Task requirements: Find, in the records below, the line that contains "804 W Shane Ct, Siloam Springs, AR 72761" and the line that contains "Kayseri'de Tır, Otobüs". Copy those two lines and everything between them exactly, but not the pictures.

[[ Dataset open ]]

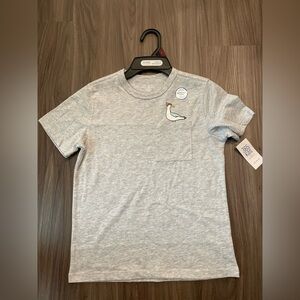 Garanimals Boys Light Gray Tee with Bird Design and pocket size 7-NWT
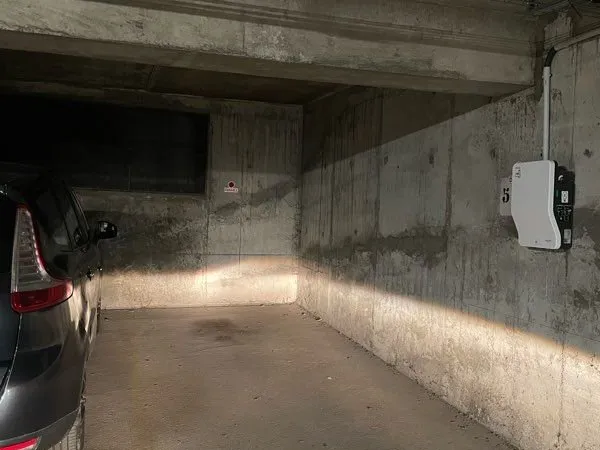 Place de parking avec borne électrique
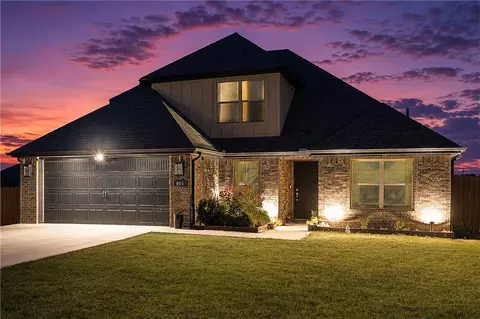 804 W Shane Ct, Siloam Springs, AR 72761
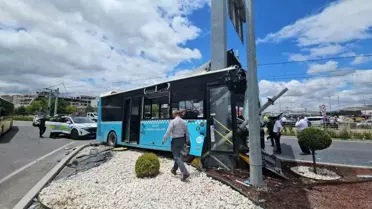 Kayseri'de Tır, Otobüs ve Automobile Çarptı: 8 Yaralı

[[ Dataset closed ]]
[[ Dataset open ]]

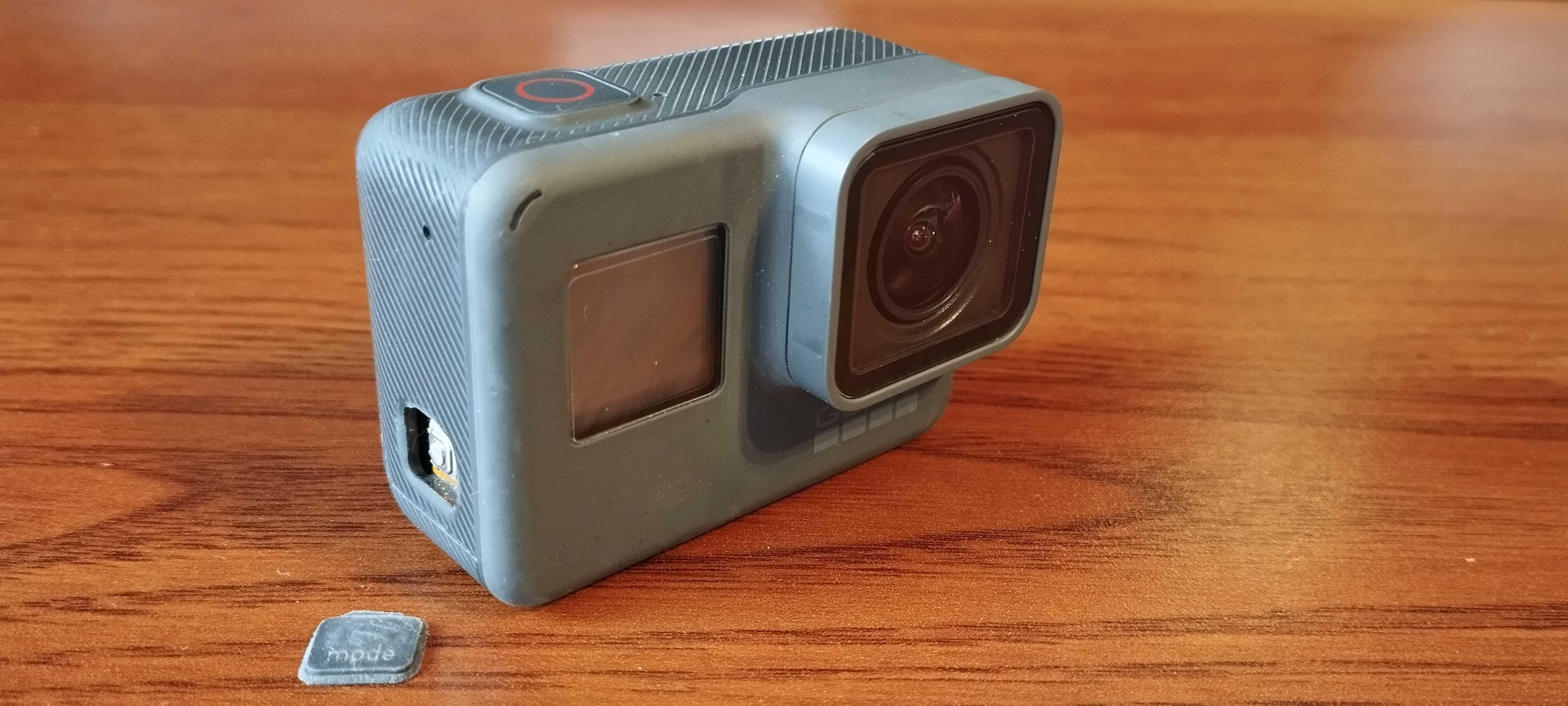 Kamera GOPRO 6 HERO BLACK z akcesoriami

[[ Dataset closed ]]

Exercise response:
 804 W Shane Ct, Siloam Springs, AR 72761
 Kayseri'de Tır, Otobüs ve Automobile Çarptı: 8 Yaralı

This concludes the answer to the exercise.